Da konnte man ja nur froh sein, dass die Mauer nicht auch noch mitten im Wasser stand…




Hitze macht dumm im Kopf

Heute war wieder so eine Nacht. Eine Taxischicht, die man sich einfach nicht wünscht und die nur nervt. Keine Ahnung, vielleicht ist die Hitze mit Schuld daran.

Die City West voll, wegen der Leichtathletik-Europameisterschaft ist der nördliche Breitscheidplatz für Autos gesperrt. Und natürlich bekam ich als Erstes einen Funkauftrag zum Hotel Palace: Hinweis: Über Kurfürstenstraße anfahren. Nur stand dort leider eine Polizeisperre und die eingesetzte Beamtin war besonders schlau. Denn obwohl ich gar nicht bis zum Platz durchfahren wollte, ließ sie mich nicht durch, mit der Begründung, der Platz wäre gesperrt. Meinen Einwand, das Hotel wäre vor dem Platz und ich würde dann auch wieder umkehren, wenn ich meinen Fahrgast hätte, interessierte sie nicht. Da könnte ja jeder kommen und sowas behaupten. Ich zeigte ihr den Auftrag im Display, was sie mit der Bemerkung konterte, das könne mir ja auch jeder zuschicken. Da während Diskussion die Durchfahrt auch für „berechtigte Fahrzeuge“ versperrt war, kam nun einer ihrer Kollegen und wollte mich wegschicken. Ich bestand darauf, zum Hotel durchfahren zu können. Er: „Na dann fahren Sie doch!“ Seine Kollegin ging wortlos aus dem Weg, plötzlich ging es also.
Vor dem Hotel angekommen wartete natürlich niemand. Der Doorman wusste von nichts. Ich rief die Zentrale an und nach einer Minute sagte sie, der Fahrgast wäre wohl schon weg. Super. Zum Glück habe ich vorher nicht schon eine Stunde am Taxistand gestanden, um dann eine Fehlfahrt zu haben.

Das kam erst am frühen Abend. Genau 69 Minuten Warten an der Taxihalte Savignyplatz, die um diese Zeit eigentlich ganz gut läuft. Dann ein Funkauftrag, ein superteures Hotel am Steinplatz. Von dort geht es oft in die City Ost, ich freute mich schon auf eine hoffentlich ertragreiche Tour. Es wurde gerade Grün, ich raste die 200 Meter bis zur Uhlandstraße, dann links abbiegen. Keine zwei Minuten nach dem Losfahren kam ich am Hotel an. Reingehen, melden, fragende Gesichter an der Rezeption. Sie hätten kein Taxi bestellt, vielleicht die Bar nebenan? Auch die wussten von nichts. Mehr als eine Stunde umsonst rumgestanden, meine Laune war auf dem Niveau des Straßenbelags. Dazu die unerträgliche Hitze, die vor allem negative Gefühle noch verstärkt.
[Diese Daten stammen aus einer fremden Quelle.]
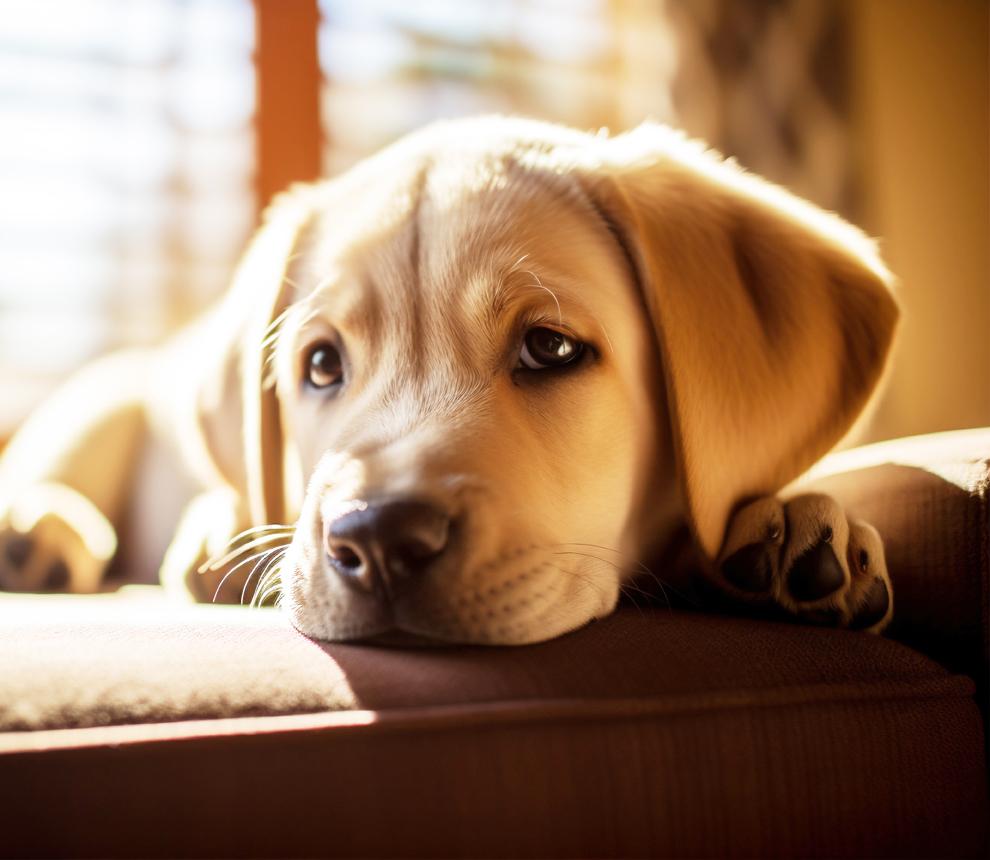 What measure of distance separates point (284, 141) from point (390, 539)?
14.0 feet

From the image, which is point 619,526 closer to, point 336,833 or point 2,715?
point 336,833

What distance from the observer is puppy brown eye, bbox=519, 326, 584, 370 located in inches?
71.9

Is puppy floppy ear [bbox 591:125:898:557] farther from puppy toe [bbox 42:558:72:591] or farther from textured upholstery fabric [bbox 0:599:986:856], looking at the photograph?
puppy toe [bbox 42:558:72:591]

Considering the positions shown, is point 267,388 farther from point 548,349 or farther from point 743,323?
point 743,323

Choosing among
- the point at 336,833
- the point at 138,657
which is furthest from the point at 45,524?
the point at 336,833

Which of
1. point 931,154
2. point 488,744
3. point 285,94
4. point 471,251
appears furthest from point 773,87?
point 488,744

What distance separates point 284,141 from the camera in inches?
198

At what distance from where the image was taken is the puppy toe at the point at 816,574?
1524 millimetres

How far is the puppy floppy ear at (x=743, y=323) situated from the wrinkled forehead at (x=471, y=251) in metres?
0.10

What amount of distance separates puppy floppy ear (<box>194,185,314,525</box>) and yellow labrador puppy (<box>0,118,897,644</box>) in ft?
0.04

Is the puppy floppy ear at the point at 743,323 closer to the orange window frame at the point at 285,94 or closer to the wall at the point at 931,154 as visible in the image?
the orange window frame at the point at 285,94

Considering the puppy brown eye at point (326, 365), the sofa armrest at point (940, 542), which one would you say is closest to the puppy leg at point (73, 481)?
the puppy brown eye at point (326, 365)

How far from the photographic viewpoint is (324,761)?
1.02 metres

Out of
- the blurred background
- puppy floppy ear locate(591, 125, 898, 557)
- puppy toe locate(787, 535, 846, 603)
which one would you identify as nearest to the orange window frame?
the blurred background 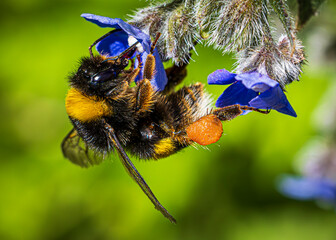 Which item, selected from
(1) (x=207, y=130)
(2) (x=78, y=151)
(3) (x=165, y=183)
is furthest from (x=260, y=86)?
(3) (x=165, y=183)

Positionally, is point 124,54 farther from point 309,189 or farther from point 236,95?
point 309,189

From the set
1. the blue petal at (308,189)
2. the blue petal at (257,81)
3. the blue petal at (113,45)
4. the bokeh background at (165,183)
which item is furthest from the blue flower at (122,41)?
the bokeh background at (165,183)

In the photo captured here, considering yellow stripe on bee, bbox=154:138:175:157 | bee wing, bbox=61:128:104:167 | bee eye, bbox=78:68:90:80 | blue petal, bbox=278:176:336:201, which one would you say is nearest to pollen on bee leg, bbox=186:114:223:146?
yellow stripe on bee, bbox=154:138:175:157

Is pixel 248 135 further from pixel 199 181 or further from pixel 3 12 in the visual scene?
pixel 3 12

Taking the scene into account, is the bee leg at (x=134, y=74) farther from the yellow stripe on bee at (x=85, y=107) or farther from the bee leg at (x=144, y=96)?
the yellow stripe on bee at (x=85, y=107)

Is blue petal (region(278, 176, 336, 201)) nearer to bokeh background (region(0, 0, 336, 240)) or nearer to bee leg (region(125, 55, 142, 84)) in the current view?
bokeh background (region(0, 0, 336, 240))

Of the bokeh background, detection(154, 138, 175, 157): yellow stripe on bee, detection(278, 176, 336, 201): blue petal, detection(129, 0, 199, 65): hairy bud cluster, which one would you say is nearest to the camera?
detection(129, 0, 199, 65): hairy bud cluster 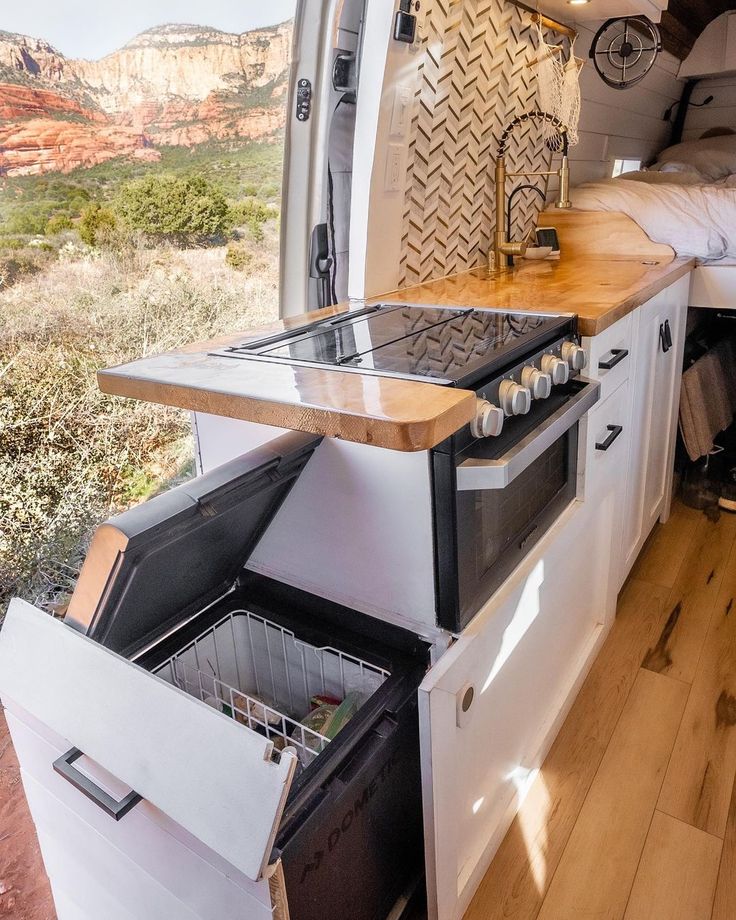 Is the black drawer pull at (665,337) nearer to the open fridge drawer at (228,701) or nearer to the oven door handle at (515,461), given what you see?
the oven door handle at (515,461)

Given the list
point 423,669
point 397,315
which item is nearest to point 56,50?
point 397,315

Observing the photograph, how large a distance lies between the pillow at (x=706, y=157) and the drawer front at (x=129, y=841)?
12.5ft

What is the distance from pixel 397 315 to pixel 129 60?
844 millimetres

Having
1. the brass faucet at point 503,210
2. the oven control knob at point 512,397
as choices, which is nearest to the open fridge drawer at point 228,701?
the oven control knob at point 512,397

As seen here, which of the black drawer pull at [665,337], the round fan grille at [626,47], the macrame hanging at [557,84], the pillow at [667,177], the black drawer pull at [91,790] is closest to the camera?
the black drawer pull at [91,790]

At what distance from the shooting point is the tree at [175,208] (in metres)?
1.67

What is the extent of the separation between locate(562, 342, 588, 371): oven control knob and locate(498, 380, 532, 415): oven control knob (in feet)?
1.06

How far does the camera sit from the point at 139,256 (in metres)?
1.72

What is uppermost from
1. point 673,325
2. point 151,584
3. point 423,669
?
point 673,325

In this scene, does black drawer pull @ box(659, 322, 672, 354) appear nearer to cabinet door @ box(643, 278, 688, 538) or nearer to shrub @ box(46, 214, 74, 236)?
cabinet door @ box(643, 278, 688, 538)

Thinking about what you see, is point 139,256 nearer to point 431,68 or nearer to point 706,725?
point 431,68

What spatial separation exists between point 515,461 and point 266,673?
2.24 feet

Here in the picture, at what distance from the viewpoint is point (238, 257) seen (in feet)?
6.32

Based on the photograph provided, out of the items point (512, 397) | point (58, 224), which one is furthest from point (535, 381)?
point (58, 224) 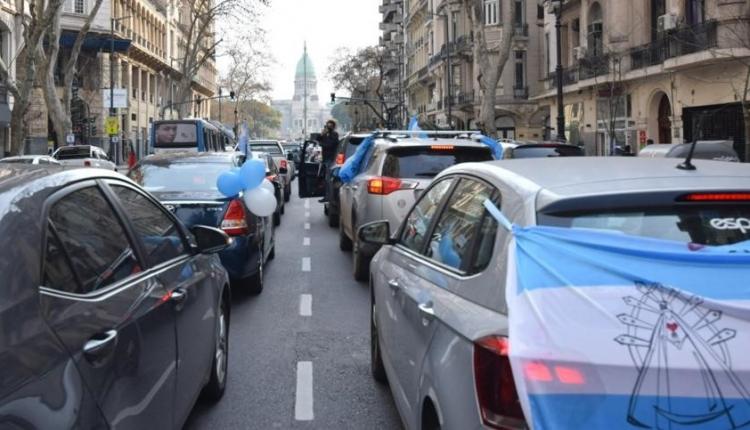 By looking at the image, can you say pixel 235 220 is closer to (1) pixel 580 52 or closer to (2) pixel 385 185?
(2) pixel 385 185

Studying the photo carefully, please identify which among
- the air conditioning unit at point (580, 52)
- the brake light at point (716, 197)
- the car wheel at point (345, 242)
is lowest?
the car wheel at point (345, 242)

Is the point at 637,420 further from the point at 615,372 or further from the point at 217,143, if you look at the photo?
the point at 217,143

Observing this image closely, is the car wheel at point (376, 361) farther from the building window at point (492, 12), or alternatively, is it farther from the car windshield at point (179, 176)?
the building window at point (492, 12)

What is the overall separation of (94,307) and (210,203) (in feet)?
17.6

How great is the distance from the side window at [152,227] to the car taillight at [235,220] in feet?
11.3

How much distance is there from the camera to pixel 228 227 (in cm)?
833

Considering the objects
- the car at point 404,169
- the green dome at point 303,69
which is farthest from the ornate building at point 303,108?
the car at point 404,169

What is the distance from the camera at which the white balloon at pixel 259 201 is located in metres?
8.49

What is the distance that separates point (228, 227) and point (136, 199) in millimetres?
4037

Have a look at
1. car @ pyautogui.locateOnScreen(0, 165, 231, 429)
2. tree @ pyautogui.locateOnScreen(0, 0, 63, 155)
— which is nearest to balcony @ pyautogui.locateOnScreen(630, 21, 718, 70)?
tree @ pyautogui.locateOnScreen(0, 0, 63, 155)

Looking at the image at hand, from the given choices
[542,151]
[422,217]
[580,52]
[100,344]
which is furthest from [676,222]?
[580,52]

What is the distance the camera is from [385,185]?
9.41 meters

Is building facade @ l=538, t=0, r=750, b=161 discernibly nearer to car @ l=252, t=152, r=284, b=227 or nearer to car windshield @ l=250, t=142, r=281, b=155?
car @ l=252, t=152, r=284, b=227

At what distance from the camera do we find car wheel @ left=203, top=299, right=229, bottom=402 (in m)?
5.26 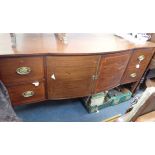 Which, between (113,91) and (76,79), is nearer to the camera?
(76,79)

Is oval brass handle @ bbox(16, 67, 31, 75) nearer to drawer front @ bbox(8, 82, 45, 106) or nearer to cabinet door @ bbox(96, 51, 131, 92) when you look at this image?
drawer front @ bbox(8, 82, 45, 106)

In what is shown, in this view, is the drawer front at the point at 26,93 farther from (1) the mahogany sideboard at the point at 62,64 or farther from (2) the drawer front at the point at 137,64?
(2) the drawer front at the point at 137,64

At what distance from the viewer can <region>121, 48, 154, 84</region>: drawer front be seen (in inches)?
54.0

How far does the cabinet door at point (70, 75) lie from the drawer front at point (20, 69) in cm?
8

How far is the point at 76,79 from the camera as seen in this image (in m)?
1.16

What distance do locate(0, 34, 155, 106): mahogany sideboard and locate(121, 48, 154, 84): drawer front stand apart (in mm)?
12

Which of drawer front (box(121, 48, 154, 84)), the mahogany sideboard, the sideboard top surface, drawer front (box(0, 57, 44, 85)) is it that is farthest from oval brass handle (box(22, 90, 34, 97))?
drawer front (box(121, 48, 154, 84))

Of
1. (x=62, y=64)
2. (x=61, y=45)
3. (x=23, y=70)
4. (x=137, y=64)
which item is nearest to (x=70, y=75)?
(x=62, y=64)

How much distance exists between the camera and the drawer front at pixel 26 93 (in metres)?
1.03

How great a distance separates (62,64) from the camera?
103 cm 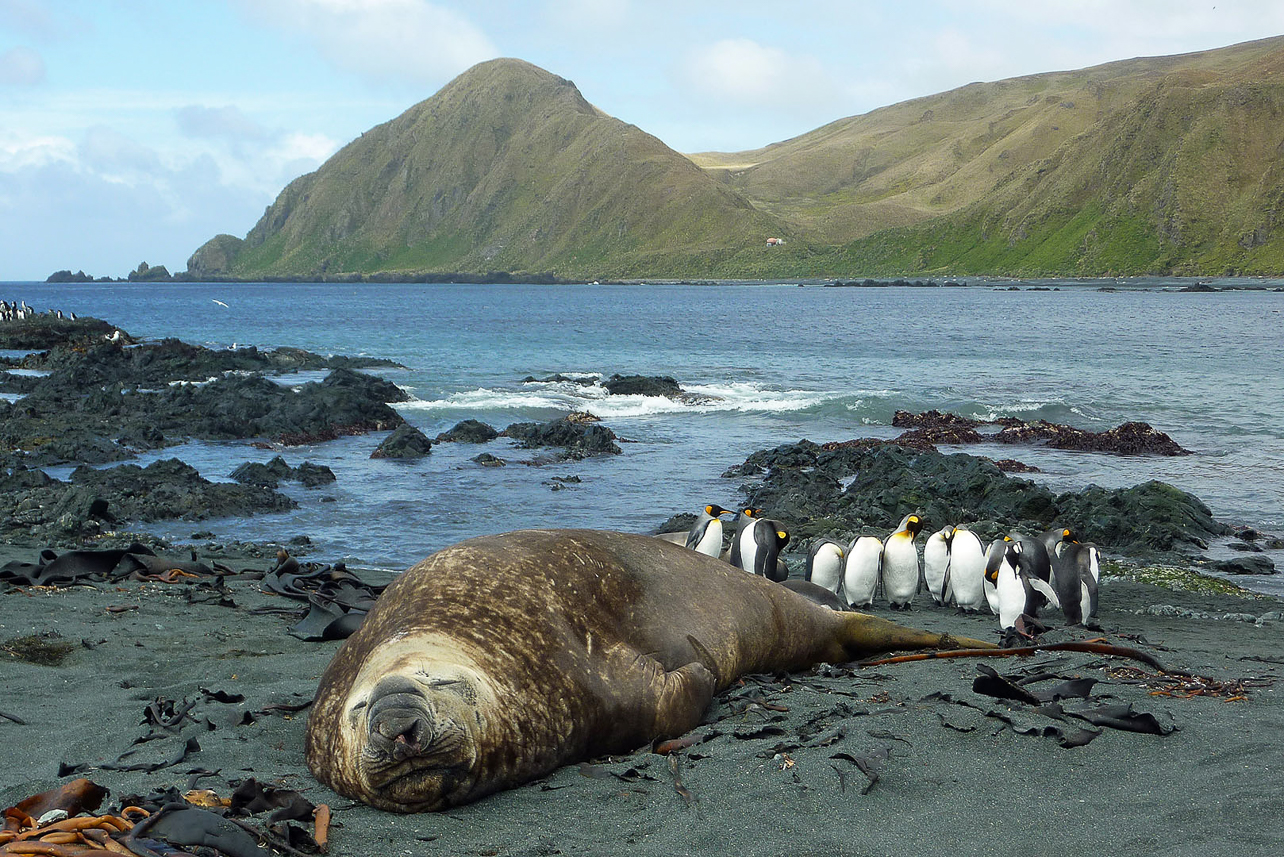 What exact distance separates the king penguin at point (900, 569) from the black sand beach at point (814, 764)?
12.0 feet

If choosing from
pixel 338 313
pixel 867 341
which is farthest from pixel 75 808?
pixel 338 313

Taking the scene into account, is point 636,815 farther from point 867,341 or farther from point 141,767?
point 867,341

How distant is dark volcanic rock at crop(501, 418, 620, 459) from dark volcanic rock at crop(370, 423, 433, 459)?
88.6 inches

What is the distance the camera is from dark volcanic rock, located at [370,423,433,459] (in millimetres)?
21703

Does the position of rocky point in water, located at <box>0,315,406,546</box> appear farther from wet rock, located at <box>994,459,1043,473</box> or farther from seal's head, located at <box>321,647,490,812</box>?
wet rock, located at <box>994,459,1043,473</box>

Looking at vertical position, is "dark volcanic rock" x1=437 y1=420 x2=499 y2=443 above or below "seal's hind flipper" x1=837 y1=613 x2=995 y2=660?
below

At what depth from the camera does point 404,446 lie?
864 inches

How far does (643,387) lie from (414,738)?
→ 29096 millimetres

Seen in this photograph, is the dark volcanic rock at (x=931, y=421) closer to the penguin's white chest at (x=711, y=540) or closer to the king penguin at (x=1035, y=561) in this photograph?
the king penguin at (x=1035, y=561)

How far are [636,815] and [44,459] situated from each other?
61.1 feet

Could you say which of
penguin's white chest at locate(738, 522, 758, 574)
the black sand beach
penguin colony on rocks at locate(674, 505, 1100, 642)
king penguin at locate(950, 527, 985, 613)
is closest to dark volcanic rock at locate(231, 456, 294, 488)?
penguin colony on rocks at locate(674, 505, 1100, 642)

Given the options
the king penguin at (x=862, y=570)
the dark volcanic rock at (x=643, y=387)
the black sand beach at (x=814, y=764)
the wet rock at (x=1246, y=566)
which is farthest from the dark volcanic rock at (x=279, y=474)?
the dark volcanic rock at (x=643, y=387)

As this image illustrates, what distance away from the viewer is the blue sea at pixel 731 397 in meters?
16.7

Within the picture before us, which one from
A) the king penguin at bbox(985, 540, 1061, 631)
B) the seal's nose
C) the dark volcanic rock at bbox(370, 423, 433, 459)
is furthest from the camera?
the dark volcanic rock at bbox(370, 423, 433, 459) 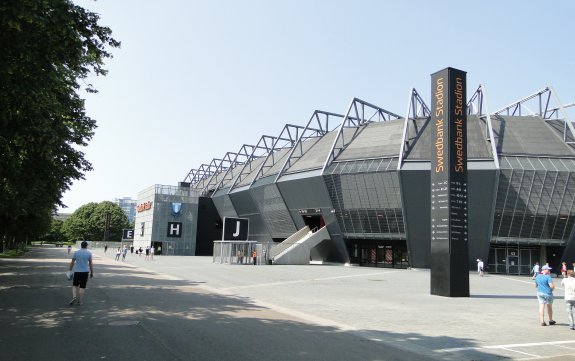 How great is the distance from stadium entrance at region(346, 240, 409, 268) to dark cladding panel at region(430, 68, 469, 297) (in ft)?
85.8

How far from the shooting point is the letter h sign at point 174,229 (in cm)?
6994

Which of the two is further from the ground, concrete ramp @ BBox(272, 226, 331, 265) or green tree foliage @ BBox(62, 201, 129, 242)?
green tree foliage @ BBox(62, 201, 129, 242)

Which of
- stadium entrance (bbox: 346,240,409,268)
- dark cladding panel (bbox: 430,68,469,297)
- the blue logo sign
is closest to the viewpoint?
dark cladding panel (bbox: 430,68,469,297)

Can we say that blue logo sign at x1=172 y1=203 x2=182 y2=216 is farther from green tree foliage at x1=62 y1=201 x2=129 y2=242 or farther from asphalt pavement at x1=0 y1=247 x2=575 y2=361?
green tree foliage at x1=62 y1=201 x2=129 y2=242

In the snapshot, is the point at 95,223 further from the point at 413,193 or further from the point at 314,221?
the point at 413,193

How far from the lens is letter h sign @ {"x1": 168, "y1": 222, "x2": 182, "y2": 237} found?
6994 cm

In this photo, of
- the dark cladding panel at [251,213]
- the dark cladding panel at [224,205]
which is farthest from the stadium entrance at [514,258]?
the dark cladding panel at [224,205]

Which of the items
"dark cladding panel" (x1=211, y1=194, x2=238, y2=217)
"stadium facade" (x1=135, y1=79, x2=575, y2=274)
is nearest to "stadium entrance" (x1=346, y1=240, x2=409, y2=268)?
"stadium facade" (x1=135, y1=79, x2=575, y2=274)

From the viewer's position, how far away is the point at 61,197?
24.3m

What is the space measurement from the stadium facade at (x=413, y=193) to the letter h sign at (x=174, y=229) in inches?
681

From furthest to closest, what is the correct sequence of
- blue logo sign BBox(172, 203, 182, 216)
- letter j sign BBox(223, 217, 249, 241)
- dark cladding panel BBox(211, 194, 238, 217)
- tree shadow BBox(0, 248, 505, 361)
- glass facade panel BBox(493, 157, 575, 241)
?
dark cladding panel BBox(211, 194, 238, 217)
blue logo sign BBox(172, 203, 182, 216)
letter j sign BBox(223, 217, 249, 241)
glass facade panel BBox(493, 157, 575, 241)
tree shadow BBox(0, 248, 505, 361)

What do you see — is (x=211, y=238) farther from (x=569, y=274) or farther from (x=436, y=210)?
(x=569, y=274)

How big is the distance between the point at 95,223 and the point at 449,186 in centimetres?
11962

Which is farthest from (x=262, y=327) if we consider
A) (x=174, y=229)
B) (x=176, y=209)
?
(x=176, y=209) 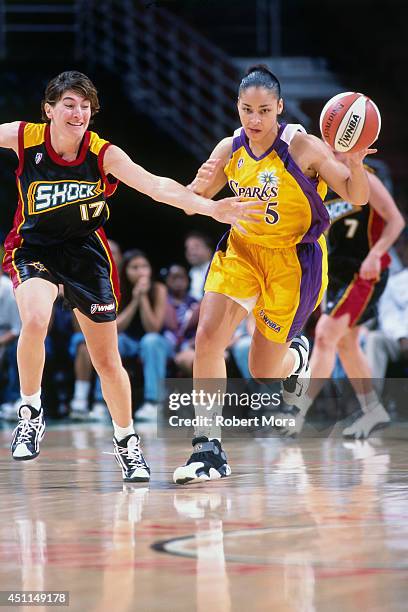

Aber ich schluckte es runter, Frust gehört beim Job dazu, man muss damit umgehen. Ich fuhr nun den Kudamm hoch und runter und hatte auch bald eine Fahrt nach Steglitz. Am Ziel angekommen fiel der Dame auf, dass sie kein Geld dabeihatte. Und auch keine EC- oder Kreditkarte. Und auch zuhause sei kein Geld, versicherte sie mir gleich mehrmals. Ansonsten schien sie die Tatsache aber nicht zu stören, dass sie die Taxifahrt nicht zahlen konnte. Stattdessen fragte Sie frech: „Und, was wollen Sie nun machen?“ Sie sah es überhaupt nicht als Problem an.

Ich war nun richtig sauer und sagte, dass ich die Polizei rufe, dann würde es eine Anzeige wegen Betrugs geben. Das würde dann sehr viel teurer als eine Taxifahrt. Plötzlich brüllte sie mich auf Russisch an, wahrscheinlich Beleidigungen, die ich glücklicherweise nicht verstand. Dann stieg sie einfach aus, ging auf die Haustür zu, schloss sie auf und drängte sich rein.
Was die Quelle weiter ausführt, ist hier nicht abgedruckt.